Ferments de Yannick Alléno

Avec la journaliste et historienne de l’alimentation Marie-Claire Frédéric, le chef aux 6 étoiles Michelin, rien qu’au Pavillon Ledoyen à Paris, vient de co-signer ce plaidoyer pour un retour en cuisine de la fermentation. Passionnant…

Questions…

Ce livre cache bien son jeu. Derrière son sous-titre Réflexions d’un cuisiner, chacun imagine un longue litanie en forme de cours magistral sur des airs de « moi, je ». Rien de tout cela ici. En à peine 80 pages, Yannick Alléno, tel un Candide, partage surtout ses questionnements et expérimentations sur une transformation des plus complexes. Auprès de la spécialiste de la fermentation, Marie-Claire Frédéric, mais aussi de chocolatier, boulanger, fromager…, le chef est en quête de réponses après qu’une assertion du vigneron Michel Chapoutier ait jeté le trouble. Un jour de vendanges 2014, celui-ci lui affirme que « seuls les produits fermentés peuvent faire valoir le terroir ». Un choc. Lui a toujours veillé à travailler au plus près des produits, à respecter et à exprimer leur quintessence. Par la cuisson bien sûr, et plus récemment grâce à la mise au point d’une technique d’extraction brevetée, permettant aux arômes de se concentrer sans réduction par la chaleur, mais sous l’effet du froid. Si les dires de Michel Chapoutier se vérifiaient, un pas de plus vers la révélation du goût pourrait être faite. Peut-être, mais comment ? Quels liens existe-t-il entre terroir, fermentation et goût ? Et, le cas échéant, comment les respecter aux fourneaux ?

… Réponses

Au fil d’échanges nourris d’exemples concrets et de quelques recettes, Yannick Alléno et Marie-Claire Frédéric avancent petit à petit leur pion. Un work in progress en somme, riche de ses hypothèses et de leur vérification. Si, sur une année donnée, deux vignerons voisins, aux pratiques similaires, ne produisent jamais des vins identiques ; si tous les fromages d’une même AOP ne se ressemblent pas non plus, alors qu’un cahier des charges commun les régit, comment ne pas y voir une contribution de la fermentation au goût ? À l’évidence, elle l’enrichit, le complexifie. Mieux, elle lui apporte une sensation de plénitude. C’est ce fameux umami japonais, défini par Kikunae Ikeda en 1908. Et pour cause, les travaux de ce chimiste japonais le prouvent : les composantes de cette 5ème saveur se trouvent naturellement dans les produits fermentés.

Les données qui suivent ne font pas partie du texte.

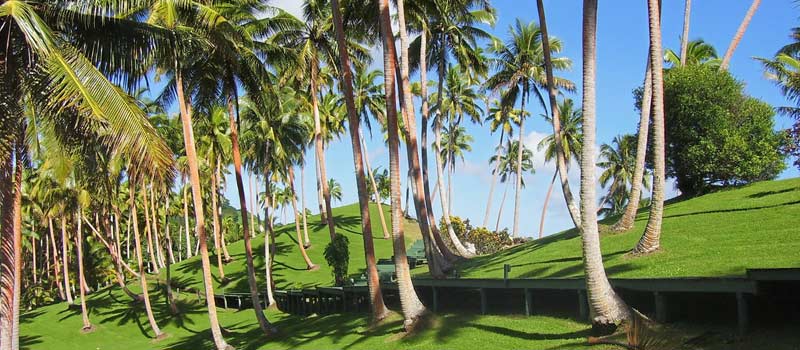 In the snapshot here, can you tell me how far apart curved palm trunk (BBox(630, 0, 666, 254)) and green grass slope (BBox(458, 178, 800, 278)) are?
459 mm

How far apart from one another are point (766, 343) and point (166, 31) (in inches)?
463

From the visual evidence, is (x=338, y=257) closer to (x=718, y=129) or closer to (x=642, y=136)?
A: (x=642, y=136)

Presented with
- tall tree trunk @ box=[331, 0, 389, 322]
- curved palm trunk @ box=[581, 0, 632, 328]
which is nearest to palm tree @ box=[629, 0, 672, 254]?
curved palm trunk @ box=[581, 0, 632, 328]

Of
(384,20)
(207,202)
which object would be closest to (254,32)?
(384,20)

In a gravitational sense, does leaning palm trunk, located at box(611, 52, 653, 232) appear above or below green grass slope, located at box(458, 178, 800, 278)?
above

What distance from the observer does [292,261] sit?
46438mm

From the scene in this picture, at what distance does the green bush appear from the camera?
27.1 metres

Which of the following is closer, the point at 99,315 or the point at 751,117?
the point at 751,117

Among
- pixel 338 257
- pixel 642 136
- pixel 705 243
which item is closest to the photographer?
pixel 705 243

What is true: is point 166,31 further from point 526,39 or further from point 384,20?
point 526,39

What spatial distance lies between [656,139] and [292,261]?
33.3 metres

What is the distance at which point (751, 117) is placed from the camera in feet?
91.0

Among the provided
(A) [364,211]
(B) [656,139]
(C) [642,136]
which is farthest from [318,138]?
(B) [656,139]

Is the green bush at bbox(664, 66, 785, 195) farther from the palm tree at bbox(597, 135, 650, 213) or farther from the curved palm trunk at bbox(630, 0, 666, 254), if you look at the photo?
the palm tree at bbox(597, 135, 650, 213) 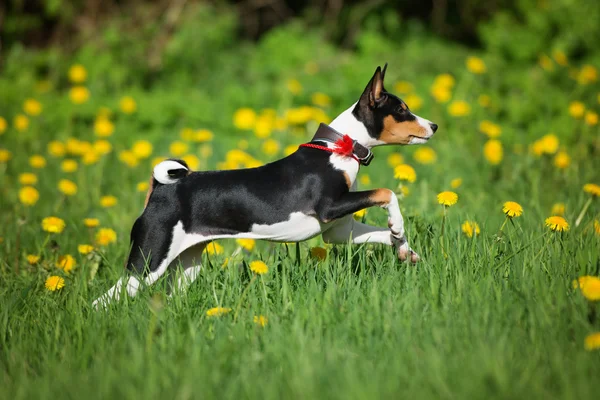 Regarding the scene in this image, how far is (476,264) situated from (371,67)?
5303 mm

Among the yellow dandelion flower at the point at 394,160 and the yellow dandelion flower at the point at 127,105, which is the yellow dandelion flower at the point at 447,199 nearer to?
the yellow dandelion flower at the point at 394,160

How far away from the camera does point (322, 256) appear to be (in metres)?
4.37

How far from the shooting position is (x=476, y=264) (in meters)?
3.96

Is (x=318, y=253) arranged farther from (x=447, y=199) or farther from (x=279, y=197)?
(x=447, y=199)

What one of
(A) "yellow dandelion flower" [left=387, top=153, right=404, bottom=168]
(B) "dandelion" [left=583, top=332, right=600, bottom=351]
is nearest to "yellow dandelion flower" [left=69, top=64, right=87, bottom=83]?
(A) "yellow dandelion flower" [left=387, top=153, right=404, bottom=168]

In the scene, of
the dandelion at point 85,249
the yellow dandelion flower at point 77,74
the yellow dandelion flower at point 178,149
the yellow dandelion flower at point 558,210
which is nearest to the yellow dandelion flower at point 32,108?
the yellow dandelion flower at point 77,74

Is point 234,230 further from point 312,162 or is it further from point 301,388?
point 301,388

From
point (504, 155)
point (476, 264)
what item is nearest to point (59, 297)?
point (476, 264)

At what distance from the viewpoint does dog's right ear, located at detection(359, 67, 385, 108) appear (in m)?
3.94

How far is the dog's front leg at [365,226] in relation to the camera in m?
3.77

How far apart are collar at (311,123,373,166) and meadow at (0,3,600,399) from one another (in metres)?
0.59

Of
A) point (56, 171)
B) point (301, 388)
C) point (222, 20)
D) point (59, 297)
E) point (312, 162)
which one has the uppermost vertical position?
point (222, 20)

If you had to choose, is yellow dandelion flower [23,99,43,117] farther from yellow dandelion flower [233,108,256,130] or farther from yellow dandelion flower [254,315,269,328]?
yellow dandelion flower [254,315,269,328]

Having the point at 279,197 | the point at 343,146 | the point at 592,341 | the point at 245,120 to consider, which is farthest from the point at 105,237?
the point at 592,341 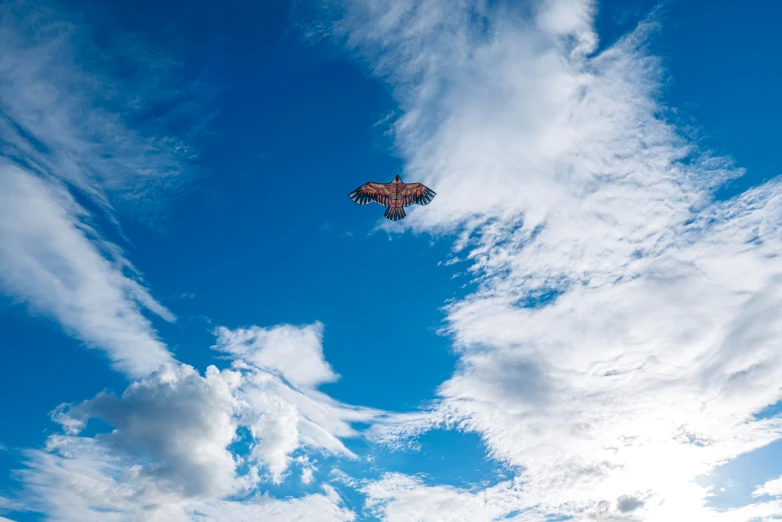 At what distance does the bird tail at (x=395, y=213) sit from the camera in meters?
125

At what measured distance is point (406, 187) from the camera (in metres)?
126

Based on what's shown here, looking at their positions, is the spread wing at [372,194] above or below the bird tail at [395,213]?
above

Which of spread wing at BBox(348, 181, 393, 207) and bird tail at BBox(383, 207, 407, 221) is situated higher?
spread wing at BBox(348, 181, 393, 207)

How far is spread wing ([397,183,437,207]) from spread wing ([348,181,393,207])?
202cm

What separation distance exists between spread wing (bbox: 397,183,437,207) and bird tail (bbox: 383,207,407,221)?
5.40ft

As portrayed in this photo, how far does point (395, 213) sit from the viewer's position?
125750 millimetres

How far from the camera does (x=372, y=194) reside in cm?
12662

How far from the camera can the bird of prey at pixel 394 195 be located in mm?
125938

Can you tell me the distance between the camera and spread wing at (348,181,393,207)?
414ft

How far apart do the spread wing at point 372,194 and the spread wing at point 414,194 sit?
2.02 m

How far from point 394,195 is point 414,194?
3.32 metres

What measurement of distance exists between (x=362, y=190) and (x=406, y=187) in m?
7.30

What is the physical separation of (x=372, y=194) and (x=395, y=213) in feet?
16.6

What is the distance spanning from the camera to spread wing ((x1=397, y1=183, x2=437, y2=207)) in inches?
4963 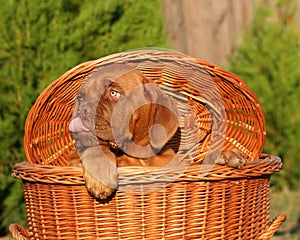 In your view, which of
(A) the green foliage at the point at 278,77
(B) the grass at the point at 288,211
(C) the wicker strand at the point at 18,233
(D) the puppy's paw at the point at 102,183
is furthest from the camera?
(A) the green foliage at the point at 278,77

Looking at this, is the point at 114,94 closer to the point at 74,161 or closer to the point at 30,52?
the point at 74,161

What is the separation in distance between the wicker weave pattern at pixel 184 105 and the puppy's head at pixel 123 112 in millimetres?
109

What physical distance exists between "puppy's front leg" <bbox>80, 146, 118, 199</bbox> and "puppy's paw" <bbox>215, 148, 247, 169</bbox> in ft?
2.07

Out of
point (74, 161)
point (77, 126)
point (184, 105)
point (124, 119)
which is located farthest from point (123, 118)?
point (184, 105)

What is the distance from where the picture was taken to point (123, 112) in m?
3.07

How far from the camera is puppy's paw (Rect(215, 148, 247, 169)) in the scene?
2879 mm

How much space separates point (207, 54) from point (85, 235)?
15.1ft

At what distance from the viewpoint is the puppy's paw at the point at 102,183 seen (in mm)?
2617

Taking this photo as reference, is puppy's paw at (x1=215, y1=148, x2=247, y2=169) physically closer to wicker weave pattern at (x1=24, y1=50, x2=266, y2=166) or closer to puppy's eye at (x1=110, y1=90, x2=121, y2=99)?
wicker weave pattern at (x1=24, y1=50, x2=266, y2=166)

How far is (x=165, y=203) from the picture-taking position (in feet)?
A: 8.91

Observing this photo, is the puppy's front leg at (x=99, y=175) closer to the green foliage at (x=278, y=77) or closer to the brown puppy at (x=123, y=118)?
the brown puppy at (x=123, y=118)

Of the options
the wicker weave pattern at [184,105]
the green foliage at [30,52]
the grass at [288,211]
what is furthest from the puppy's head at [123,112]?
the grass at [288,211]

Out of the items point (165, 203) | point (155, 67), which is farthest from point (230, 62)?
point (165, 203)

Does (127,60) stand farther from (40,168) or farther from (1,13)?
(1,13) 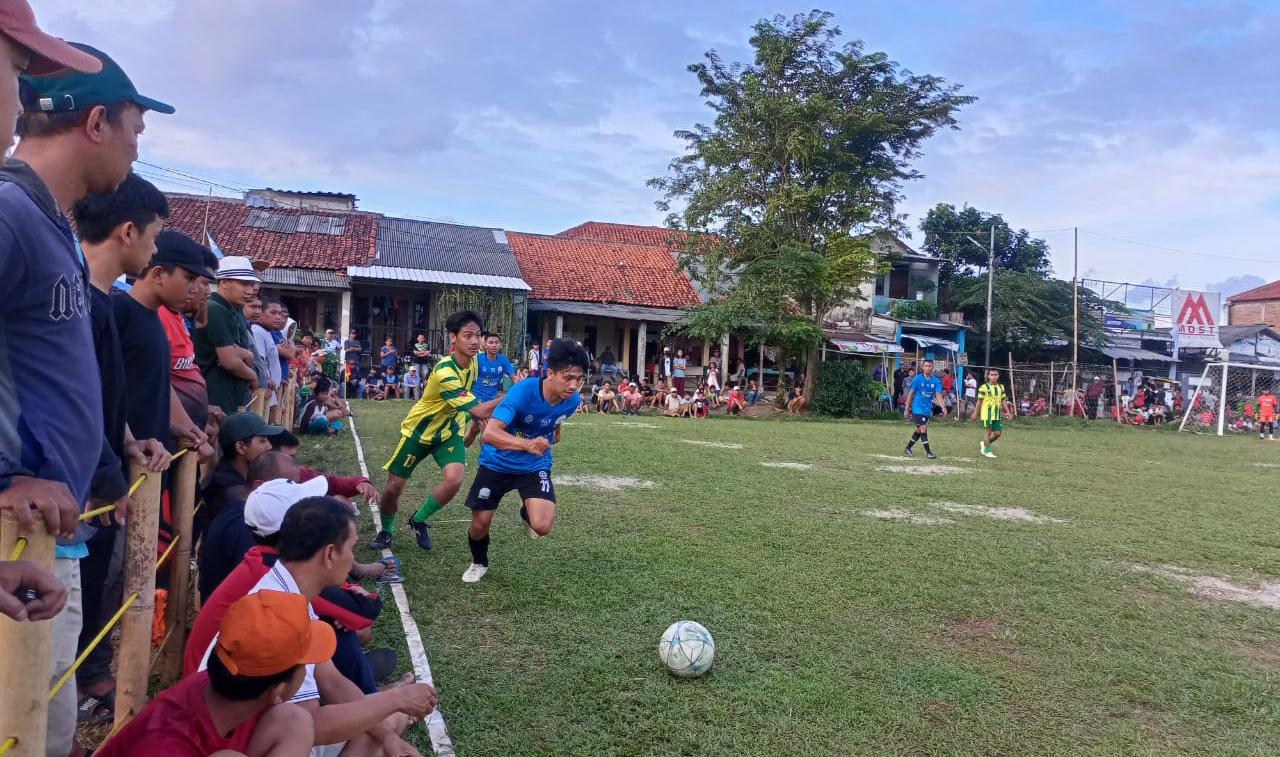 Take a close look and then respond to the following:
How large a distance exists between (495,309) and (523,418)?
21.7 metres

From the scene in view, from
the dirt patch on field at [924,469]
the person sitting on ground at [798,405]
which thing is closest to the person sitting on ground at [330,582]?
the dirt patch on field at [924,469]

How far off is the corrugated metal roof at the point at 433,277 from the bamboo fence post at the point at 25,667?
83.3ft

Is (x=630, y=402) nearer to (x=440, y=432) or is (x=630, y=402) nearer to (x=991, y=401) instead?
(x=991, y=401)

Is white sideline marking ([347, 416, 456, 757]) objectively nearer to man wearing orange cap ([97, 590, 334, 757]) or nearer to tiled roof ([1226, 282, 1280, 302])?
man wearing orange cap ([97, 590, 334, 757])

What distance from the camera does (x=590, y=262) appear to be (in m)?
33.1

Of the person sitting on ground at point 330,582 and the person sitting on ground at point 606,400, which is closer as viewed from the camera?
the person sitting on ground at point 330,582

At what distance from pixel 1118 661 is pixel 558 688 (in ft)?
10.6

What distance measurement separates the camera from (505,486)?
19.7 feet

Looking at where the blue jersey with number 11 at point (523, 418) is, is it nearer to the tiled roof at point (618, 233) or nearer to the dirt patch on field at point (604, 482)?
the dirt patch on field at point (604, 482)

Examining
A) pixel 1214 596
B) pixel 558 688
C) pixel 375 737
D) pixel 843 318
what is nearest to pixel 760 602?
pixel 558 688

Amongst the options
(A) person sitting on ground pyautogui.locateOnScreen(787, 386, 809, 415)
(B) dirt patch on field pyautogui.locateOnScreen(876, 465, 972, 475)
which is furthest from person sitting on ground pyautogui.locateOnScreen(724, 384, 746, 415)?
(B) dirt patch on field pyautogui.locateOnScreen(876, 465, 972, 475)

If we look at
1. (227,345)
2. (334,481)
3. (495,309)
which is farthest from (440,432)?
(495,309)

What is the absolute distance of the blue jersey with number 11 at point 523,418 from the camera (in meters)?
5.98

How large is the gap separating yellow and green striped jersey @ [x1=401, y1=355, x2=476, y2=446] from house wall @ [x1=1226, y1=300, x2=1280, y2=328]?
5680 cm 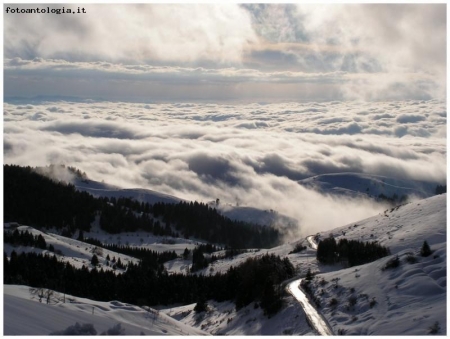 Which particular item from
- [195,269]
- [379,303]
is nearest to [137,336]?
[379,303]

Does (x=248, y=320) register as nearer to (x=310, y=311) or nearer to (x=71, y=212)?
(x=310, y=311)

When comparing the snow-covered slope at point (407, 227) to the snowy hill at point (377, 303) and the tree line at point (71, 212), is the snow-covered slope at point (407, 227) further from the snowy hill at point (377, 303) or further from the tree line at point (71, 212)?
the tree line at point (71, 212)

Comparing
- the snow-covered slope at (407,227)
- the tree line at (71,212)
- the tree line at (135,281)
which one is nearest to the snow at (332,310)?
the snow-covered slope at (407,227)

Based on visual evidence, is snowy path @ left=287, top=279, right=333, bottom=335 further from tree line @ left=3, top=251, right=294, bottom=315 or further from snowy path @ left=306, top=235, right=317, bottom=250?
snowy path @ left=306, top=235, right=317, bottom=250

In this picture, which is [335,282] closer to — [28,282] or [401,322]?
[401,322]

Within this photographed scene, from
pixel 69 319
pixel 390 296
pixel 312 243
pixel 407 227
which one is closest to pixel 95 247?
pixel 312 243

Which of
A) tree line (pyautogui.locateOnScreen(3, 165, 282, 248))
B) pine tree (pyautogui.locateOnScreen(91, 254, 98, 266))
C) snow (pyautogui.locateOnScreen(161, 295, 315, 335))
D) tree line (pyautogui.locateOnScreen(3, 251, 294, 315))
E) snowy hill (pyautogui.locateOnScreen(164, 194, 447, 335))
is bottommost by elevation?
tree line (pyautogui.locateOnScreen(3, 165, 282, 248))

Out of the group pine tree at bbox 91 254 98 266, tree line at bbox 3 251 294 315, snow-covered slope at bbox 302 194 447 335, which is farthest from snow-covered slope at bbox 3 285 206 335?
pine tree at bbox 91 254 98 266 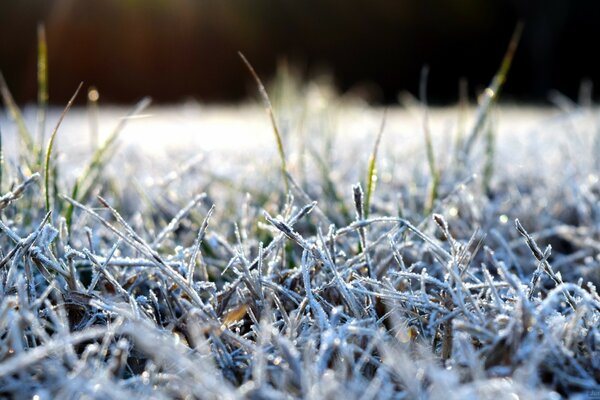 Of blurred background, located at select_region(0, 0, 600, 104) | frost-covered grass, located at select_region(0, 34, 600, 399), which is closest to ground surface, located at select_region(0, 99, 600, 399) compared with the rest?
frost-covered grass, located at select_region(0, 34, 600, 399)

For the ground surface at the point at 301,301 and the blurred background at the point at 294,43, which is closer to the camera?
the ground surface at the point at 301,301

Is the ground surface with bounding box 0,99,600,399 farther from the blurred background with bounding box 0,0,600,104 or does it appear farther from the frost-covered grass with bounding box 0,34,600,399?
the blurred background with bounding box 0,0,600,104

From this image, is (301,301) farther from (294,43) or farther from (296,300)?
(294,43)

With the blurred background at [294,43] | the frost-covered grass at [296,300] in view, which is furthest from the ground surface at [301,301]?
the blurred background at [294,43]

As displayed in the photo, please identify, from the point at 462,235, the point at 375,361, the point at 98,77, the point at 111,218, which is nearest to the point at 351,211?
the point at 462,235

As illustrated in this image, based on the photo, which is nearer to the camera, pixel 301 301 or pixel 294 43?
pixel 301 301

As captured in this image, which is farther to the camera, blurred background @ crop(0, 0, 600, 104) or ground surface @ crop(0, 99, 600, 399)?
blurred background @ crop(0, 0, 600, 104)

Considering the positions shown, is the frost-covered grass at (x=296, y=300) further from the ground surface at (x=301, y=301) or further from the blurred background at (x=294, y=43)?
the blurred background at (x=294, y=43)

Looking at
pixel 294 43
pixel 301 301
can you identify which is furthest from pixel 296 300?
pixel 294 43

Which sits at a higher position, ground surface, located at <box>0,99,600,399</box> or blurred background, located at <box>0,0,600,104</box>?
ground surface, located at <box>0,99,600,399</box> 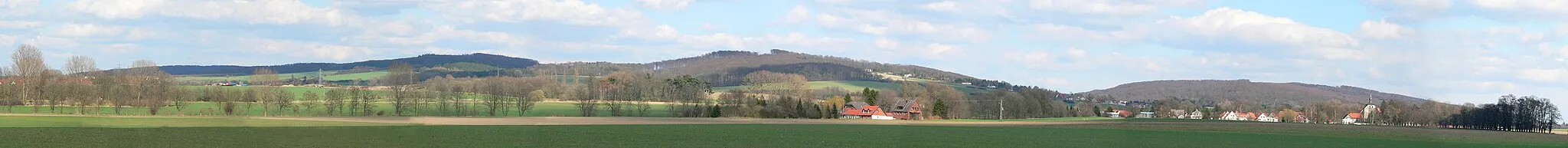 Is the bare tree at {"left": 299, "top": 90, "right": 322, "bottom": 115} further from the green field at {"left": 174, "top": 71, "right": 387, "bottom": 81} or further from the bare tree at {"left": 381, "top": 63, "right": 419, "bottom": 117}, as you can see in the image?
the green field at {"left": 174, "top": 71, "right": 387, "bottom": 81}

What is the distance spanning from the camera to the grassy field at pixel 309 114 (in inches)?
3287

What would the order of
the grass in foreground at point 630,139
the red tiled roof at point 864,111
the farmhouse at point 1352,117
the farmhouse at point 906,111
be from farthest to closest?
the farmhouse at point 1352,117
the red tiled roof at point 864,111
the farmhouse at point 906,111
the grass in foreground at point 630,139

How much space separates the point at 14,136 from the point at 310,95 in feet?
198

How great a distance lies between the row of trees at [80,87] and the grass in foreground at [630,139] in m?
39.3

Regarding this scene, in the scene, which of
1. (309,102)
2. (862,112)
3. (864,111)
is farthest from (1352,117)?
(309,102)

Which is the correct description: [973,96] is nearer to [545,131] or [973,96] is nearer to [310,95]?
[310,95]

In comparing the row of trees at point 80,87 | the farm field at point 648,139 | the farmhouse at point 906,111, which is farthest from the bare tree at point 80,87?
the farmhouse at point 906,111

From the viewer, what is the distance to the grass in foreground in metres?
40.8

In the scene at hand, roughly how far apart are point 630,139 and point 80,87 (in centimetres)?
5872

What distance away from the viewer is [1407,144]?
51500 millimetres

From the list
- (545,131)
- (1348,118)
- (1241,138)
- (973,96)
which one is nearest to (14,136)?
(545,131)

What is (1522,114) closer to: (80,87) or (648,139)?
(648,139)

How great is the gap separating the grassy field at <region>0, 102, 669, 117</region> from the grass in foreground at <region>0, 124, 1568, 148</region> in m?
33.5

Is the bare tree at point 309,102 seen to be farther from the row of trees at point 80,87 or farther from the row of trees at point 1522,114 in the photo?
the row of trees at point 1522,114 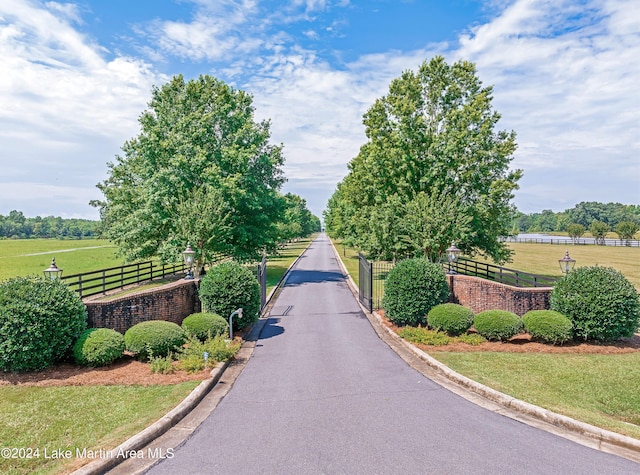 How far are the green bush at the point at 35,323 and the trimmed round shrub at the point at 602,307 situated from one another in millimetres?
13991

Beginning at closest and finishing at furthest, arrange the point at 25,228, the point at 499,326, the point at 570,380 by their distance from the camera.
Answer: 1. the point at 570,380
2. the point at 499,326
3. the point at 25,228

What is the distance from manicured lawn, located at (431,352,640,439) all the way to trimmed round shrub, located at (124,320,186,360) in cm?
713

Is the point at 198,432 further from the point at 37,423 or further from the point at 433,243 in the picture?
the point at 433,243

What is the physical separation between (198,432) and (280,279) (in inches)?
858

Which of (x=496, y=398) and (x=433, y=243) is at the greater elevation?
(x=433, y=243)

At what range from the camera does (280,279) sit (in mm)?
28438

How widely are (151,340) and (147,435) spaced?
13.6 ft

Ils leur confèrent une profondeur accrue, une nouvelle longueur d’onde. Voilà pour le lien entre fermentation et goût. Et l’expression du terroir, alors ? Ce sont les bactéries ou micro-organismes nécessaires à cette transformation qui l’impriment. Puisqu’ils se sont nourris de la terre en question, ils renforcent cette identité du produit via la fermentation. Très bien, mais la cuisine dans tout cela ? Fait-elle bon ménage avec les ferments ? Oui et non, au regard de son histoire. Alors que, dès l’Antiquité, le garum, une sauce de poissons fermentés, est monnaie courante, que le faisandage des viandes est plébiscité par Brillat-Savarin et Grimod de La Reynière, que plusieurs recettes de saumures rythment les écrits d’Escoffier…, le mot « fermentation » n’apparaît nulle part. Son mécanisme est méconnu… Jusqu’aux travaux de Louis Pasteur, synonymes malheureusement d’un hygiénisme à tout crin, au point que, dans les années 1970, le 6èmecommandement de La Nouvelle Cuisine initiée par Henri Gault et Christian Millau est sans appel : « Tu éviteras marinades, faisandages, fermentations, etc. ». Mais alors, pourquoi et comment redonner à ces transformations leurs lettres de noblesse ?

Espoirs !

« Le propos de notre livre comme du précédent (ndlr Sauces, chez Hachette Cuisine) n’est pas de dire que c’était mieux avant. Comme j’ai œuvré pour la réhabilitation des sauces, il m’a semblé nécessaire de retrouver ces savoir-faire anciens afin d’en créer de nouveaux adaptés à notre époque ; de comprendre les principes pour élaborer de nouvelles pratiques ; et peut-être même de créer de nouvelles saveurs. Il s’agit de trouver le moyen d’adapter la fermentation à la cuisine d’aujourd’hui afin de préparer celle de demain », écrit Yannick Alléno. Or, de ce point de vue, le fermentation ne manque pas d’atours. Par nature, elle supprime le recours aux conservateurs, exhausteurs et autres glutamates, elle réduit les besoins de sel et d’épices, elle aide à diminuer la surconsommation et le gaspillage en prolongeant la conservation des aliments et en utilisant leurs rebus, et elle ne réclame aucune énergie pour sa mise en place. Il s’agit là d’une véritable « écologie du goût », notent les auteurs. À condition d’apprendre à la travailler en cuisine, de façon à respecter l’identité des produits fermentés. D’accord, mais comment ? Les exposer à des cuissons élevées, qui plus est longtemps, n’a pas de sens. Cela détruirait toutes les saveurs révélées, contrairement au procédé d’extraction mis au point par le chef. En cuisant les ingrédients à la juste température, lui les préserve. L’idée de fusionner fermentation et extraction s’impose donc. Mais dans quel ordre et selon quels protocoles ? Et de se lancer dans toute une série d’expériences. À commencer par la fermentation de céleri-rave de 4 provenances distinctes, chacun selon 4 méthodes différentes, suivie de leur extraction. Résultats ? Un céleri belge riche de notes acidulées, citronnées et fruitées ; un autre, normand, très pain grillé, noisettes et graines de lin… Sans parler des essais de fermentation après extraction, qui permettent de réaliser des « limonades de légumes », par exemple aux coings et grains de kéfir, voire des « bières de légumes » ! Autant de preuves d’une créativité folle au service d’une complexité renouvelée, et avec eux d’un nouveau champs des possibles. Vivement demain !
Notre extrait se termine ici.